WHAT YOU WILL DO ▸ Whatever lies between the line with "Calza Mujer HR Long Legg Tania Negro-1" and the end of the data, both included, must be copied exactly and without pictures.

EXTRACTED INFORMATION ▸
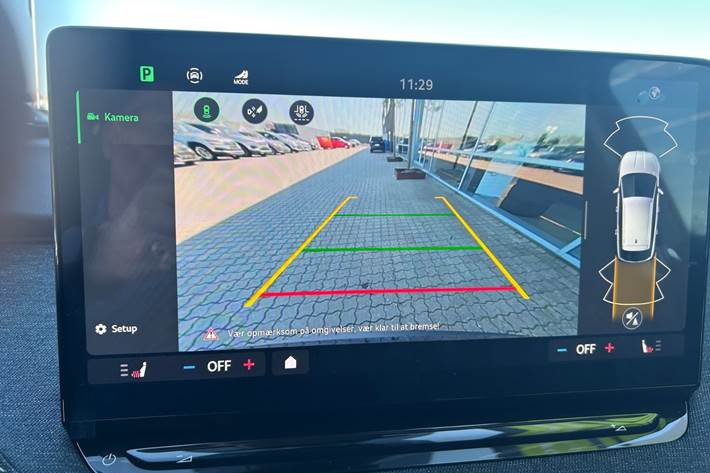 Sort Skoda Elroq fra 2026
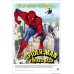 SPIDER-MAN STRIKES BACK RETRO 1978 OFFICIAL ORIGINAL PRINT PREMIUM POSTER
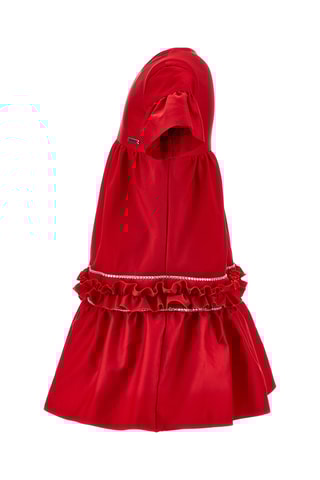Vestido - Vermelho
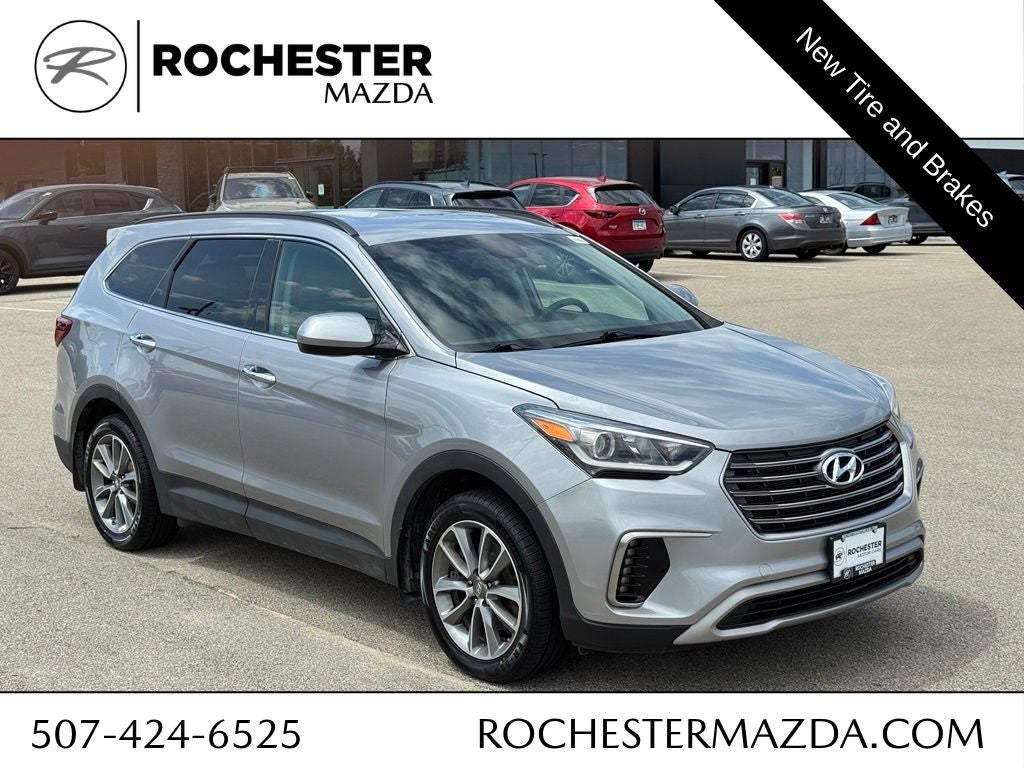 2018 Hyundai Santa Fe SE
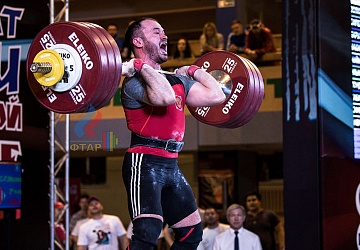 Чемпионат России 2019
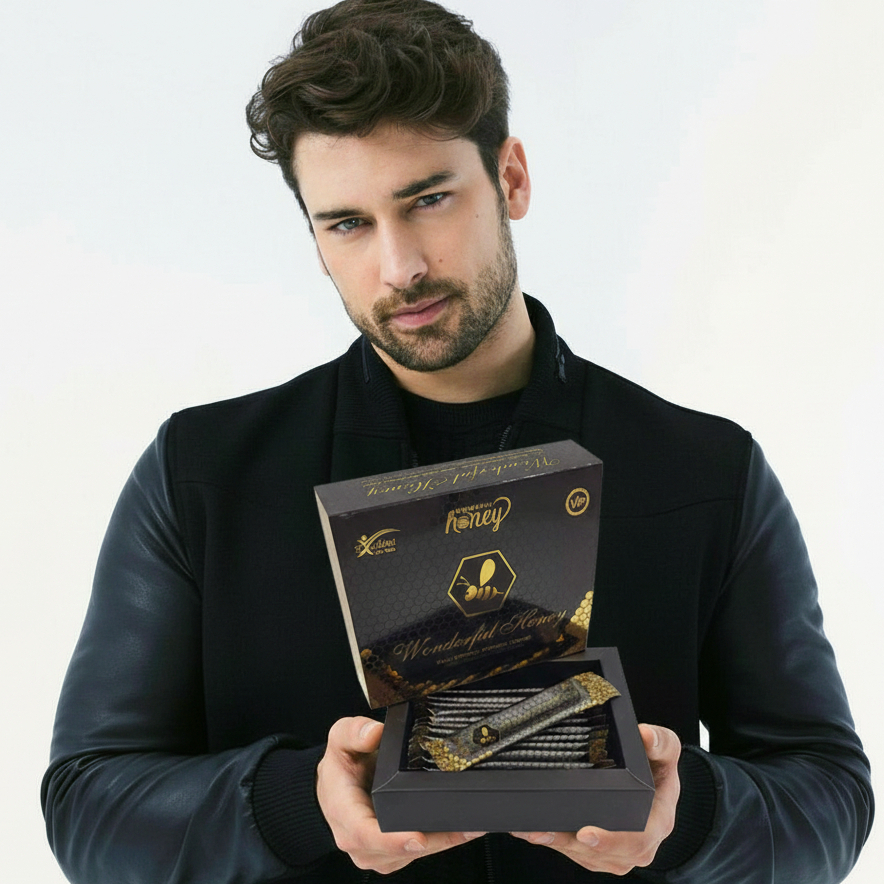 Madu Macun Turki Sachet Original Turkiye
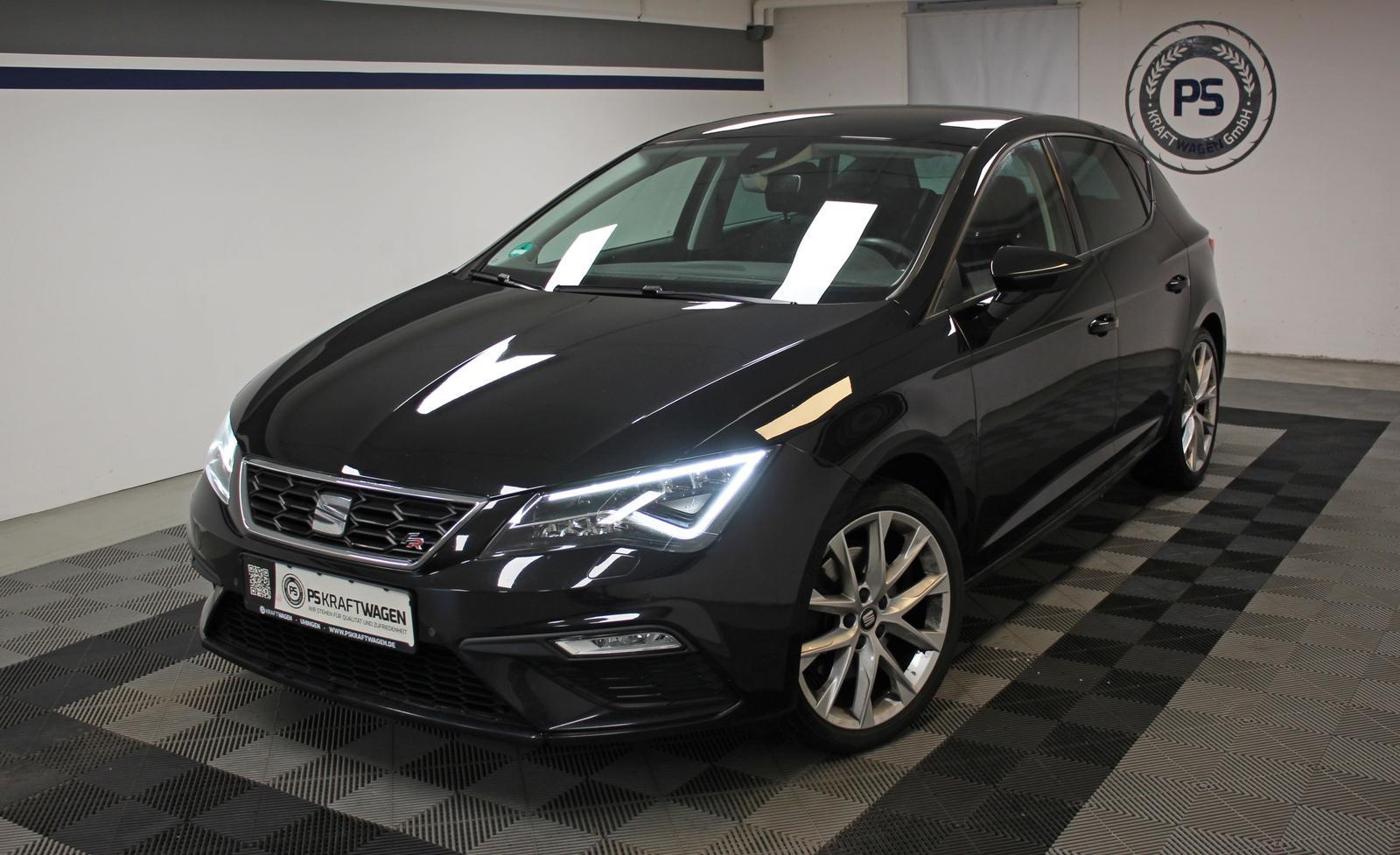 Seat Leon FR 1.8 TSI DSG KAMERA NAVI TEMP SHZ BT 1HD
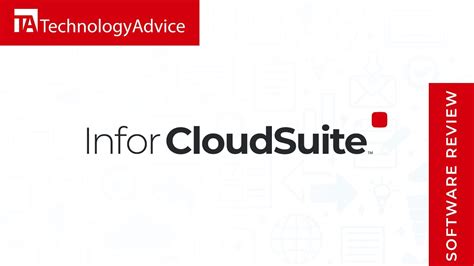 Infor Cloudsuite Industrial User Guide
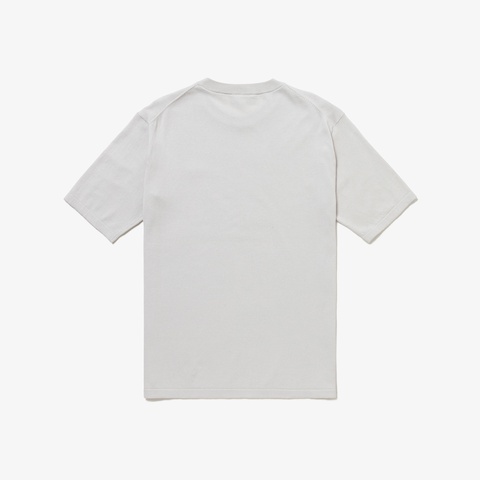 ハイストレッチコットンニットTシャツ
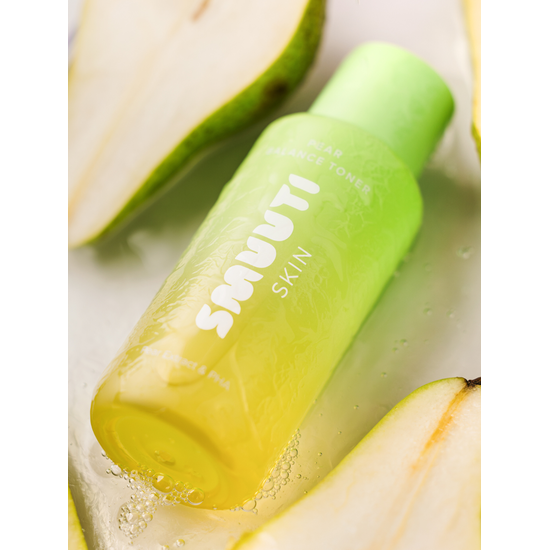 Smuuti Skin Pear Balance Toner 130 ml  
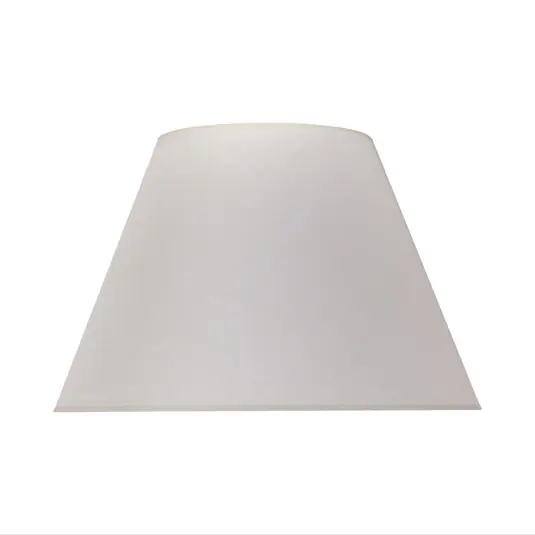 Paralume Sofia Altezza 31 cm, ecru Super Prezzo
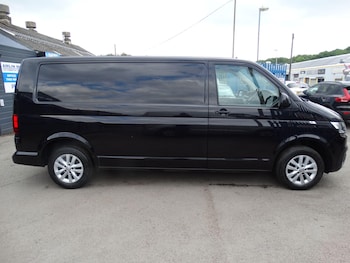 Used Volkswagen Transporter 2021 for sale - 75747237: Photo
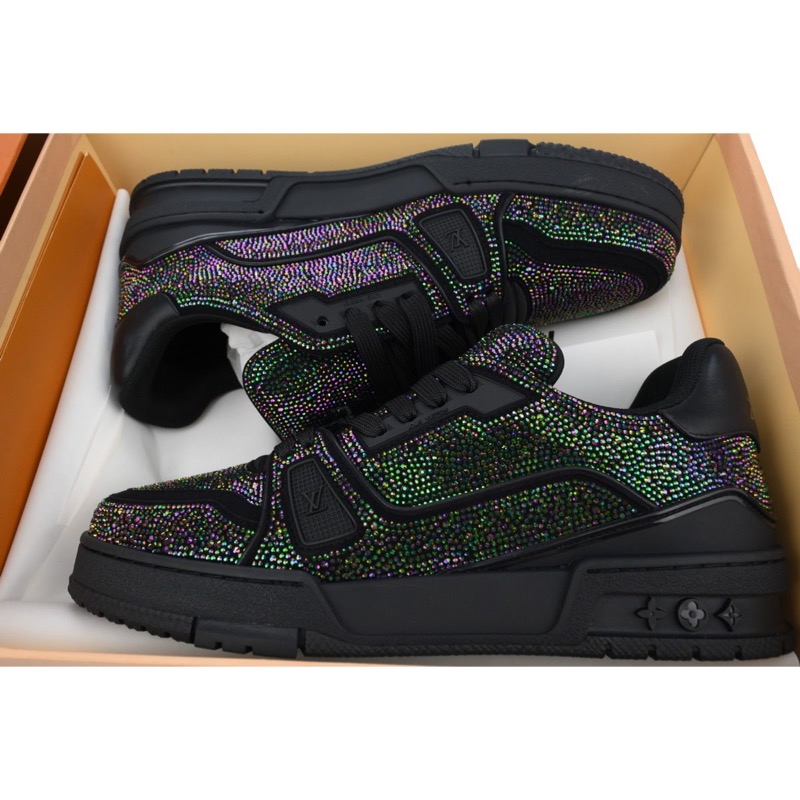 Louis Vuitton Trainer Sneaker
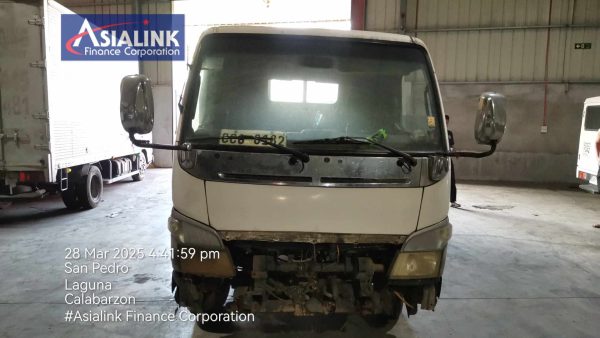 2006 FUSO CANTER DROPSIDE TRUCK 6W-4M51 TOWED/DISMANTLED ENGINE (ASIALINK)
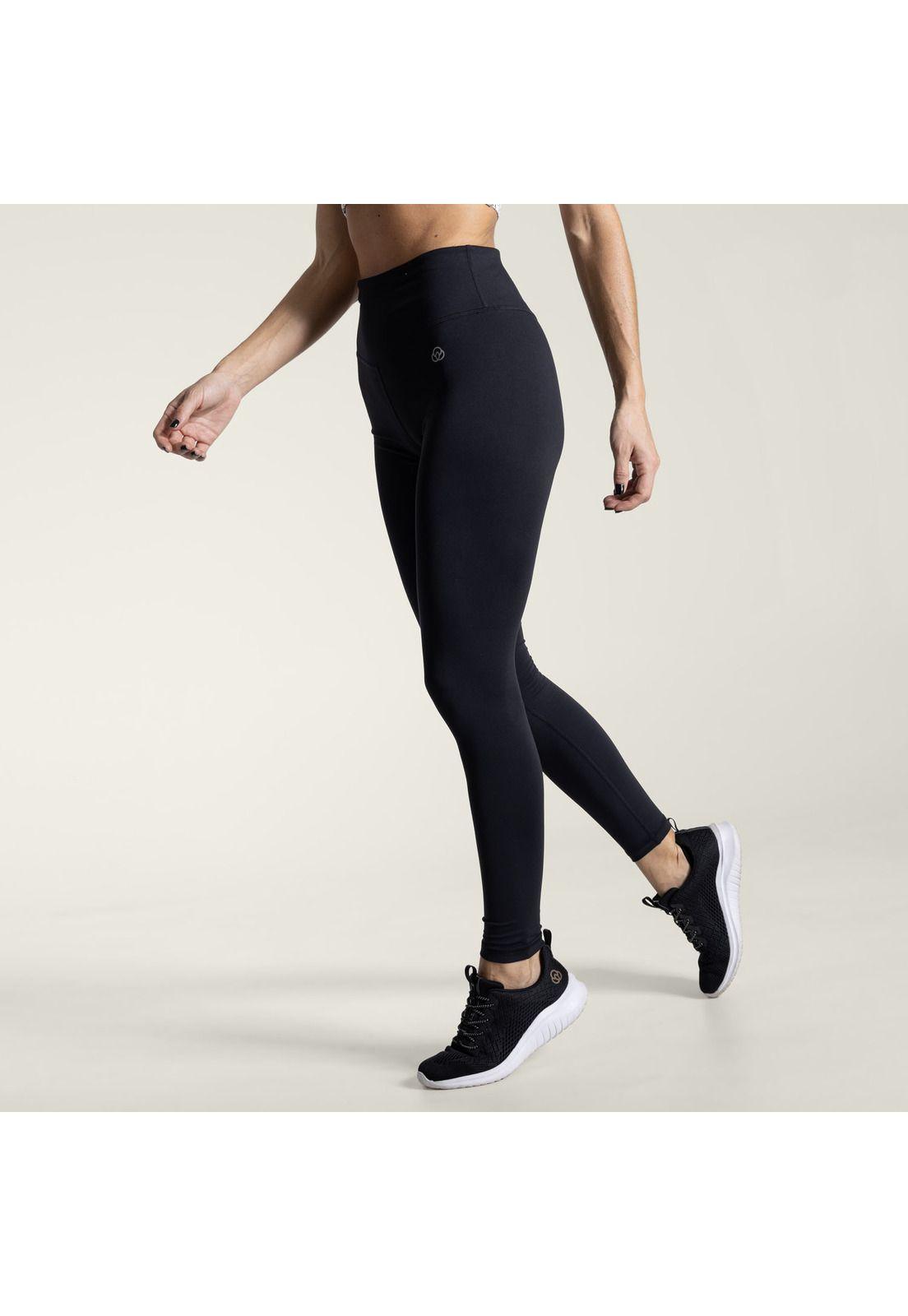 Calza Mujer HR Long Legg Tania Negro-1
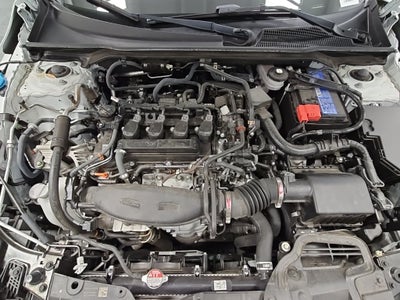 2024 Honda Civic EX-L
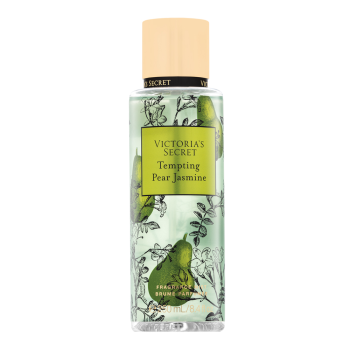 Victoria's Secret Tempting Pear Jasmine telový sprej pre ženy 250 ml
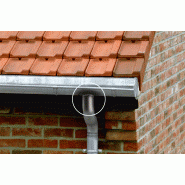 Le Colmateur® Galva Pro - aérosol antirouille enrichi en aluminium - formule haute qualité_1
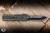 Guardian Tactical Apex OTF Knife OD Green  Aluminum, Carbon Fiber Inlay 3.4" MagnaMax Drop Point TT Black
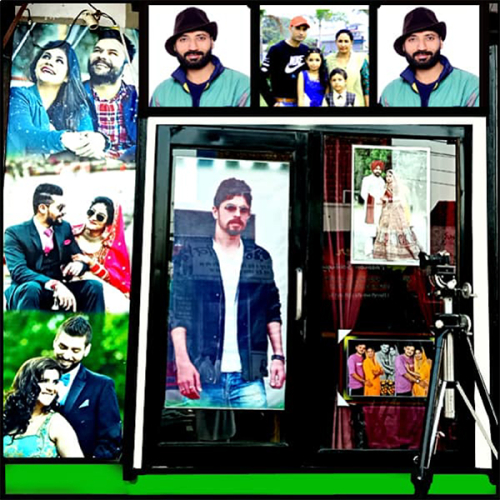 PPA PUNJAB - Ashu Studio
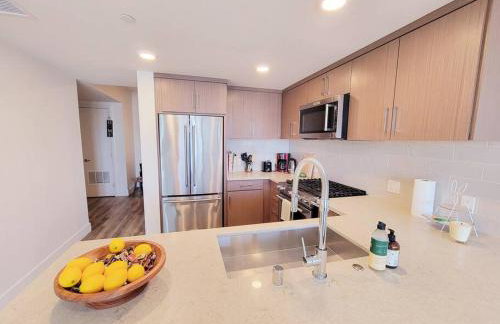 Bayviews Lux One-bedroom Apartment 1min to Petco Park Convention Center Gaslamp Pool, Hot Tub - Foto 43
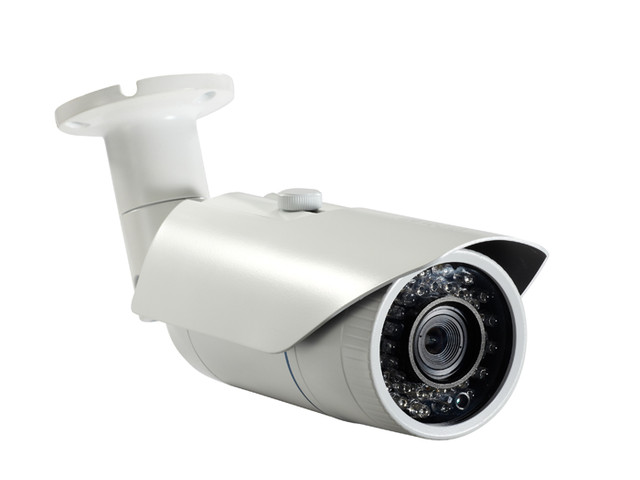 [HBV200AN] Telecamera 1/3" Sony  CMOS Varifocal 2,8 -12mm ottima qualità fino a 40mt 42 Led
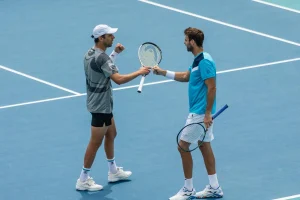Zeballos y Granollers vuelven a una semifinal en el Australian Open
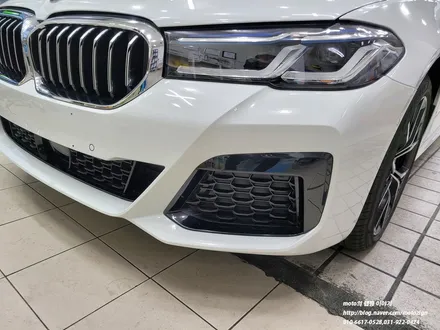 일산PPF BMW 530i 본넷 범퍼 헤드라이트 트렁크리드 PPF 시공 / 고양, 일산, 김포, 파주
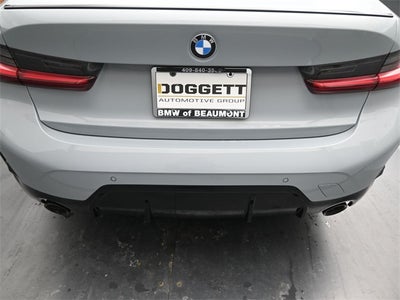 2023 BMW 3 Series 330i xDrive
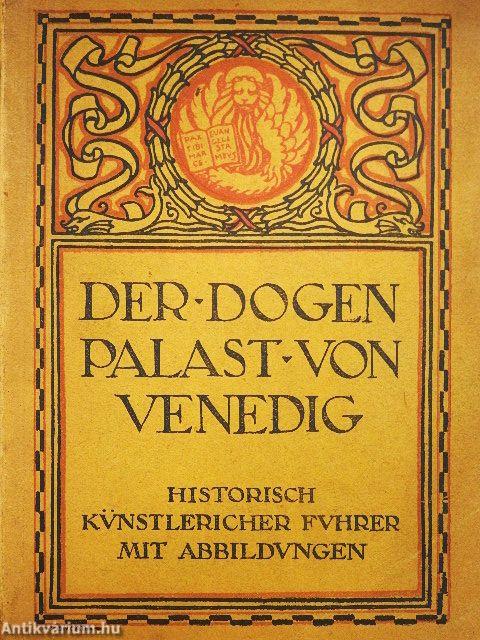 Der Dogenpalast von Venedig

EXERCISE OUTPUT ▸
 Calza Mujer HR Long Legg Tania Negro-1
 2024 Honda Civic EX-L
 Victoria's Secret Tempting Pear Jasmine telový sprej pre ženy 250 ml
 Le Colmateur® Galva Pro - aérosol antirouille enrichi en aluminium - formule haute qualité_1
 Guardian Tactical Apex OTF Knife OD Green  Aluminum, Carbon Fiber Inlay 3.4" MagnaMax Drop Point TT Black
 PPA PUNJAB - Ashu Studio
 Bayviews Lux One-bedroom Apartment 1min to Petco Park Convention Center Gaslamp Pool, Hot Tub - Foto 43
 [HBV200AN] Telecamera 1/3" Sony  CMOS Varifocal 2,8 -12mm ottima qualità fino a 40mt 42 Led
Zeballos y Granollers vuelven a una semifinal en el Australian Open
 일산PPF BMW 530i 본넷 범퍼 헤드라이트 트렁크리드 PPF 시공 / 고양, 일산, 김포, 파주
 2023 BMW 3 Series 330i xDrive
 Der Dogenpalast von Venedig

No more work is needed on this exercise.